Somervillian Nasim Asl (2013, English) was involved in the I, too, am Oxford campaign from its inception, running the website and uploading its content to ensure significant coverage. Now the campaign has given rise to a new magazine, which will look to explore some of the issues raised.

The initial campaign, which was inspired by an analagous “I, too, am Harvard” campaign, posted photographs of Oxford students holding placards which quoted comments made to them during their time at Oxford or else challenged what the group perceived as widely-held assumptions.

Placard captions included “My voice is not the voice of all black people”, “All the post-colonial and critical theories you study does not entitle you to speak for me or over me”, and “No, I’m not on a scholarship from Africa”.

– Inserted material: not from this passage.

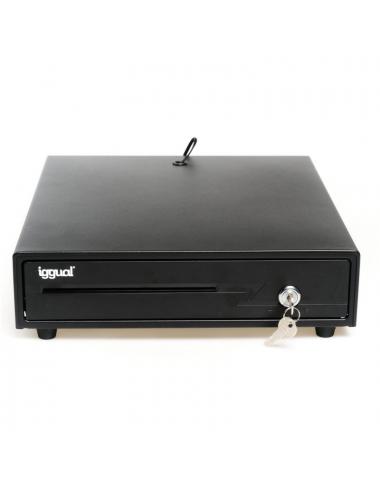 Iggual caj portamonedas iron-10 38cm 4+6 negro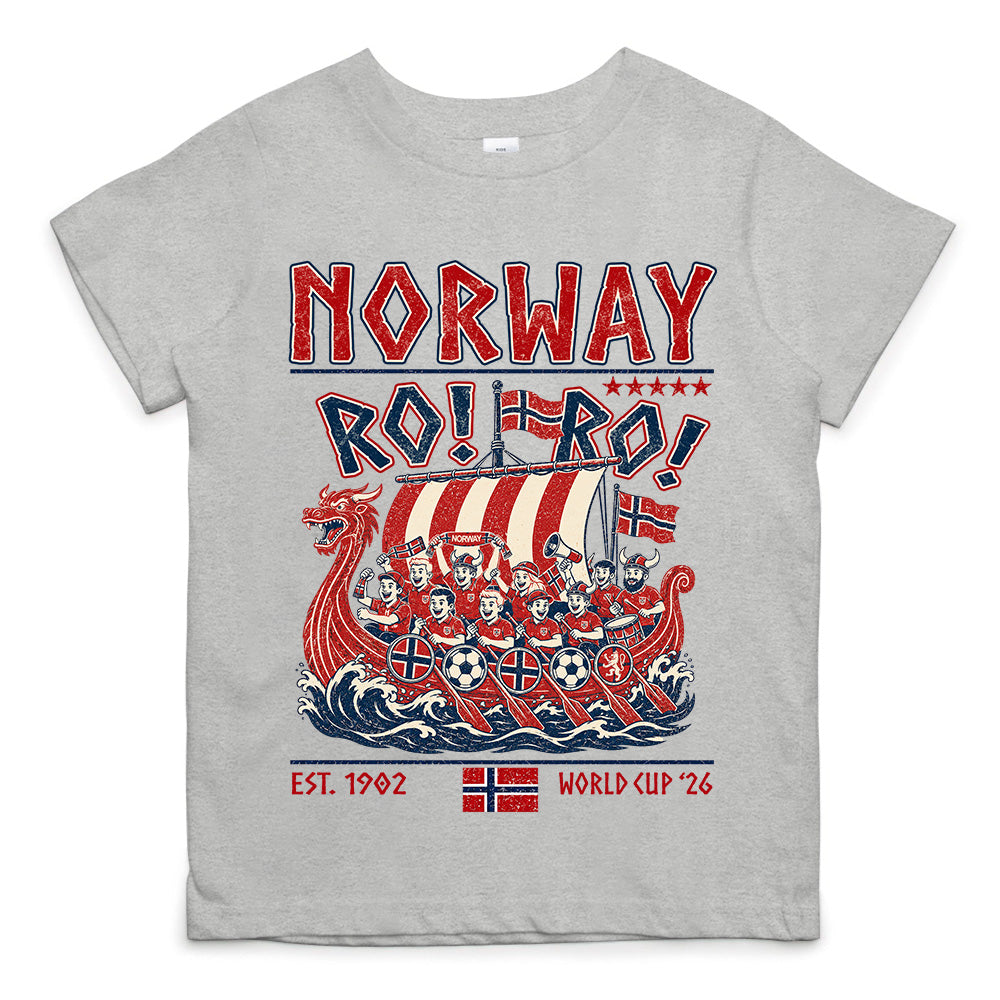 Ro Ro Norway Soccer Shirt – Viking Ship Soccer Fan Tee - Norway Team Soccer 2026 Hv01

The campaign received significant coverage in the UK media, both local and national (The Telegraph, The Guardian, The Independent). It also acquired followers from all over the world – by the time of its peak a few weeks ago, says Asl, the only countries in which it had still received no web clicks were Greenland, Cuba and North Korea. The initiative was then mimicked at other UK universities, including SOAS, Cambridge, Sheffield and Loughborough, among others.

“We wanted to offer people to express their own stories of how they have been ‘othered’ during their time here,” says Nasim. “We thought it would be a good way to raise awareness while allowing all sorts of different perspectives to be expressed. The response we had was unbelievable – people contacted us from all over the world with messages of encouragement.”

The campaign was so popular that another campaign was launched in its wake. We are all Oxford sought to provide evidence for good minority experiences within the university, lest the university’s image was unduly tarnished and minority students were thereby encouraged not to apply.

But it was the initial campaign which brought the issue into the wider consciousness most dramatically. It also led to a conference, held on 24 May at Lady Margaret Hall, which looked at the whole issue of student diversity in Oxford.

Now a magazine called Skin Deep is being planned so as to keep the issue at the forefront of people’s minds. Its appearance follows the success of an online forum begun this academic year. The magazine has already received submissions of poetry, articles and essays, as well as artwork and photography. The team is currently in the process of editing and designing, and hopes to print the first edition before the end of term.

“The magazine will contain a mixture of creative and academic submissions – artwork, poetry, essays and articles all exploring race and racism,” says Asl. “We hope to create a platform for individuals to express their own emotions and thoughts on these topics, similar to ventures such as NoHeterOx.”

“We’re hoping that over the coming terms we will be able to gain funding to print more copies, with more content from Oxford students,” said Asl.